* **ASSIGNMENT**
Nothing in the listing should be altered when it is copied, and no picture goes into the copy.

* **MATERIAL PROVIDED**
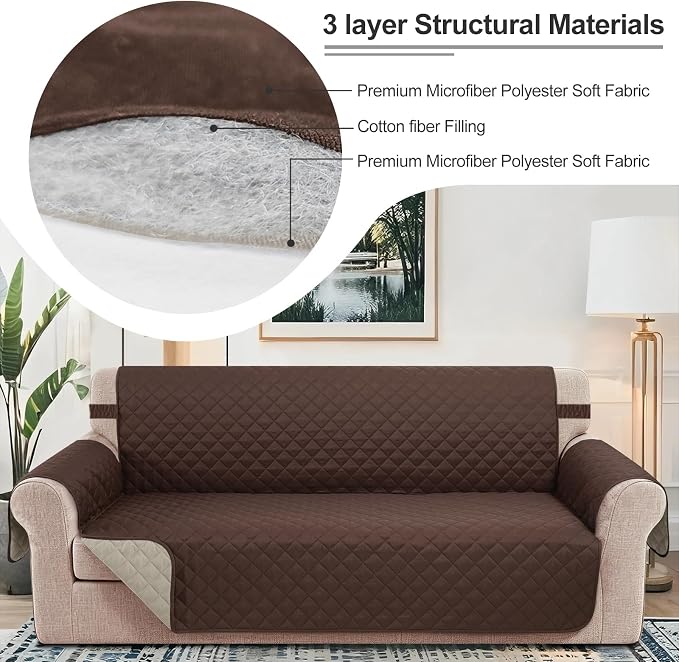 Reversible Couch Cover for 3 Cushion, Sofa, Chocolate/Beige | Couch Cover for Sofa, Pet Friendly Water Repellent Couch Sofa Cover, Washable Furniture Protector with Elastic Straps - Image 4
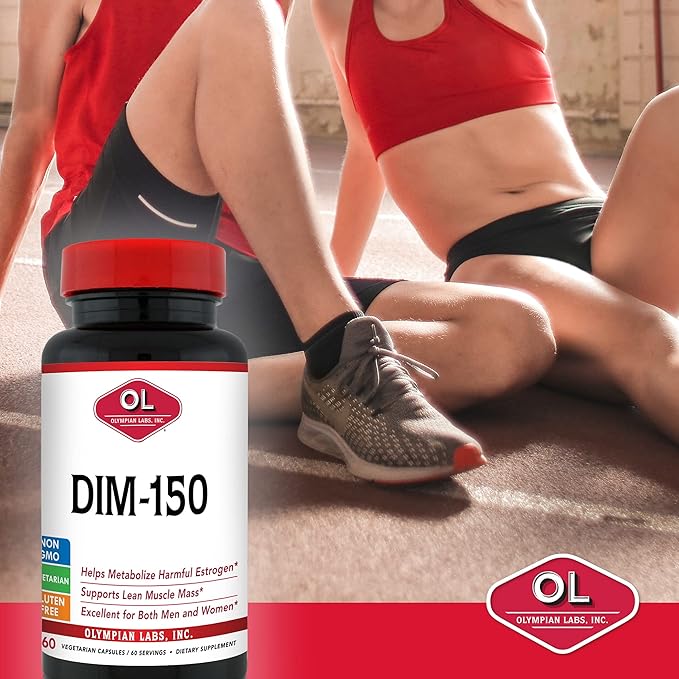 Olympian Labs DIM Supplement 150mg - DIM Diindolylmethane 30 Capsule Supply of DIM for Estrogen Balance, Hormone Menopause Relief, Acne Treatment, PCOS, Bodybuilding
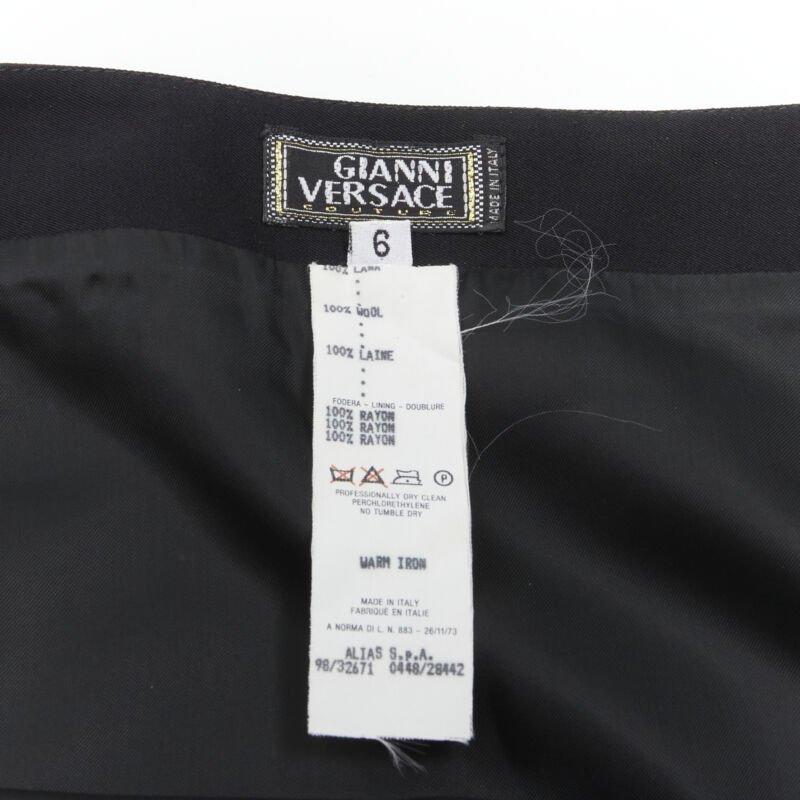 GIANNI VERSACE 1998 Gonna vintage in lana impreziosita da borchie d'argento IT40 XS in vendita 2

* **REPLY**
 Reversible Couch Cover for 3 Cushion, Sofa, Chocolate/Beige | Couch Cover for Sofa, Pet Friendly Water Repellent Couch Sofa Cover, Washable Furniture Protector with Elastic Straps - Image 4
 Olympian Labs DIM Supplement 150mg - DIM Diindolylmethane 30 Capsule Supply of DIM for Estrogen Balance, Hormone Menopause Relief, Acne Treatment, PCOS, Bodybuilding
 GIANNI VERSACE 1998 Gonna vintage in lana impreziosita da borchie d'argento IT40 XS in vendita 2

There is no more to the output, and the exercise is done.